All the changes to the AST structure are already described on this wiki page in the category "Done".

There's one change that was not in the preview version you've already seen: the parameters of lambda expressions are now their own node, which removes inconsistencies between the case when there's a single VariableDeclaratorId and the case where there's a full FormalParameter.

Temporary measures

I didn't fix any tests of rules, I just kept them compilable, which sometimes involved shamelessly commenting out some code
The only tests I made sure did pass are the kotlin tests of the ast package
Nodes that are not pushed anymore by the parser are not removed, just deprecated (for the rules to compile).
They're not on the visitor interface anymore but there are some deprecated methods on the adapter and AbstractJavaRule to keep implementors compilable

PrimaryExpression

JavaCC doesn't support left-recursion, so the left recursive nodes are built by manipulating the jjtree stack.

You can see in alljavacc.xml that the method extendLeft is inserted in JJTreeJavaParserState.java. This bumps the arity of the current node (the one being built, ie is not on the stack) by one, which means that if the node ends up being closed, the node that was pushed immediately before the current one is added as a child of the current node.

The productions PrimaryPrefix and PrimarySuffix are kept but made #void.

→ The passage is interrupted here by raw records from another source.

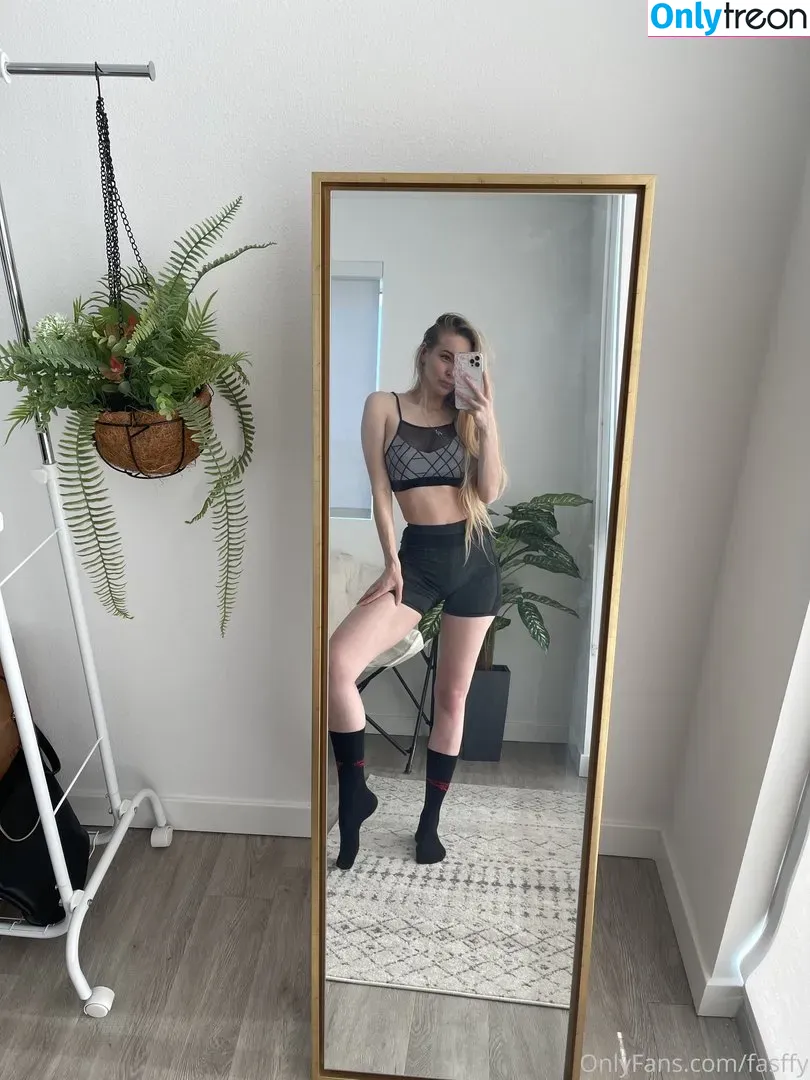 Fasffy nude photo #0021 (Fasffy)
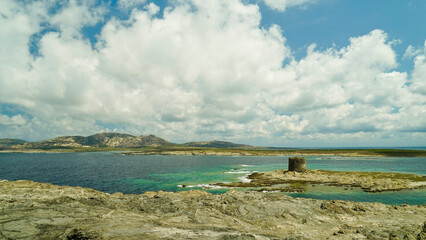 Spiaggia e Torre la Pelosa a Capo Falcone. Provincia di Sassari, Sardegna. Italy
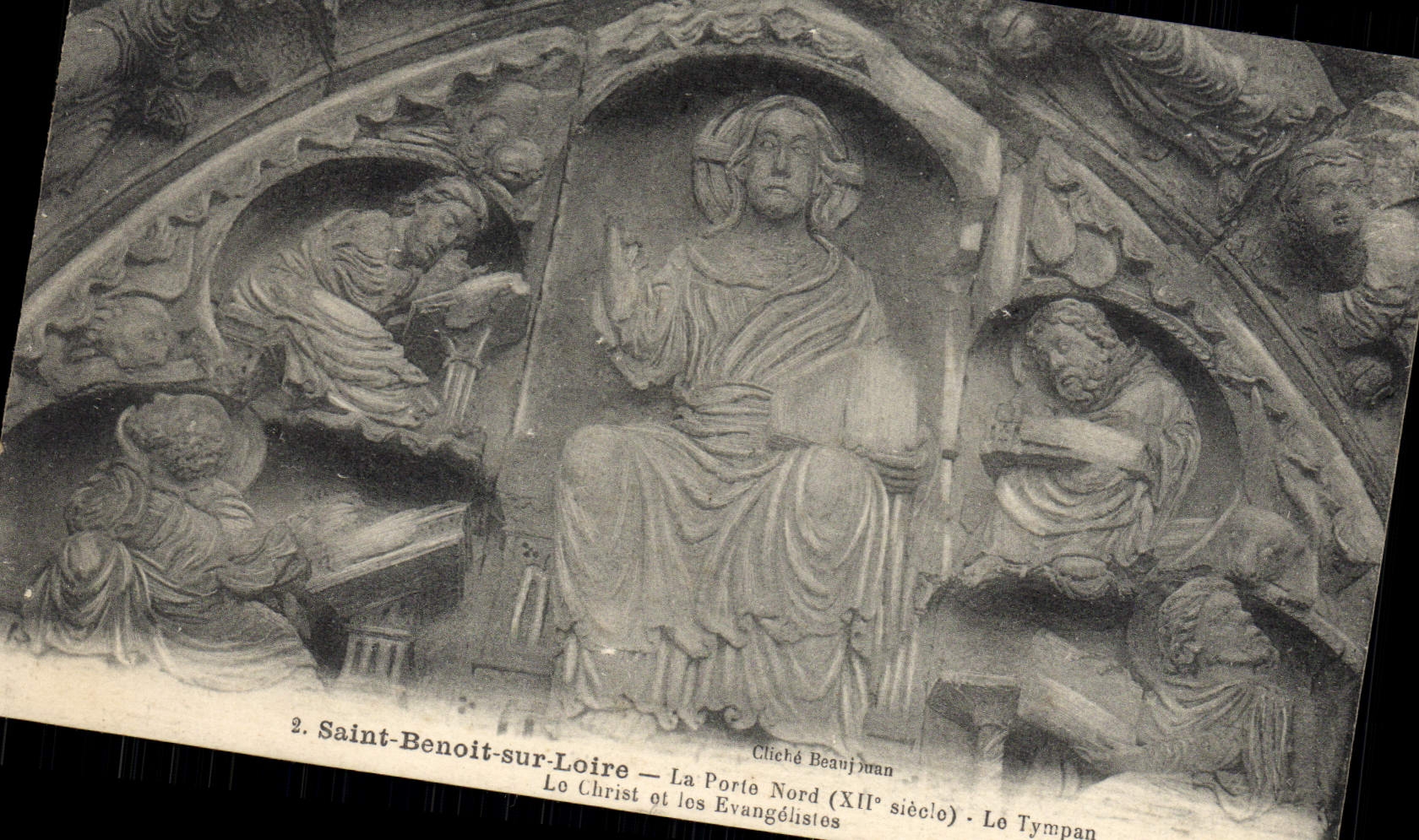Saint-Benoît-sur-Loire — Le tympan de la porte nord (XIIe siècle) — Cliché Beaujuman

The first parses the expressions that can only occur in start position, eg array allocation. It tries its best to not push an AmbiguousName with some lookaheads
The second parses a segment that needs a left-hand side, e.g. .foo() or ::new. The extendLeft method is called systematically by all of those productions to enclose the previous node on the stack, which necessarily exists because we've already parsed a PrimaryPrefix (or another suffix).

Disambiguation

The parser needs to parse AmbiguousNames to keep lookaheads to a minimum. The disambiguation that uses only syntactic context is implemented at various points in the parser and the initialization code of the nodes

The javadoc of ASTAmbiguousName gives an overview of that with relevant links.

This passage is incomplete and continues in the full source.